Skip to contents

# Automated Systematic Search Deduplicator (ASySD)

Removing duplicate references obtained from different databases is an essential step when conducting and updating systematic literature reviews. ASySD (pronounced “assist”) is a tool to automatically identify and remove duplicate records.

Shiny application

This tool is available both as an R package and a user-friendly shiny application.


Please check out the new ASySD tutorial on youtube. We would like to extend a huge thank you to ESMARConf for giving us a platform to showcase ASySD within the evidence synthesis community!

Tool performance

An evaluation of ASySD’s performance versus other automated deduplication tools is available as a preprint




If loading with the ASySD package functions, the required fields will be automatically created based on the input data.
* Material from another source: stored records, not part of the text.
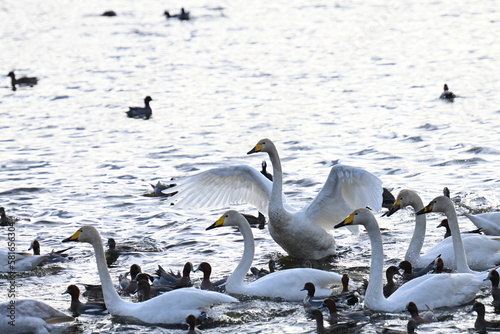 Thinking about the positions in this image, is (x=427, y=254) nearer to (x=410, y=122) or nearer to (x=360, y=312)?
(x=360, y=312)

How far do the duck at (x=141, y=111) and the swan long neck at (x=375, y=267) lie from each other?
1340cm

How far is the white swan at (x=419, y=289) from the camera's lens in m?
10.5

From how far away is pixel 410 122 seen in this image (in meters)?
21.0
If metadata columns are missing, they will be automatically created by ASySD and set to NA. For optimal performance, we recommend having as much metadata as possible.

If using a dataframe, you should ideally have the following column names:

Name Definition
author The author(s) of the publication
year The year the publication was published
journal The name of the journal in which the publication appeared
doi The Digital Object Identifier (DOI) assigned to the publication
title The title of the publication
pages The page numbers of the publication
volume The volume number of the publication (if applicable)
number The issue number of the publication (if applicable)
abstract Abstract of publication
record_id A unique identifier for the publication. If this is not obtained from the citation file, ASySD will genereate an id for each citation based on row numbers.
isbn The International Standard Book Number (ISBN) assigned to the publication (if applicable). If unavailable, the International Standard Serial Number can be used here instead (ISSN).
label (optional) A label or tag assigned to the publication (if applicable) - for example, new search or old search
source (optional) The source or database from which the publication was obtained - for example wos, embase, pubmed, scopus

Automatically deduplicate citation data

# load citations 
citation_data <- load_search(filepath, method="endnote")

# deduplicate
dedup_citations <- dedup_citations(citation_data)

# get unique citation dataframe
unique_citations <- dedup_citations$unique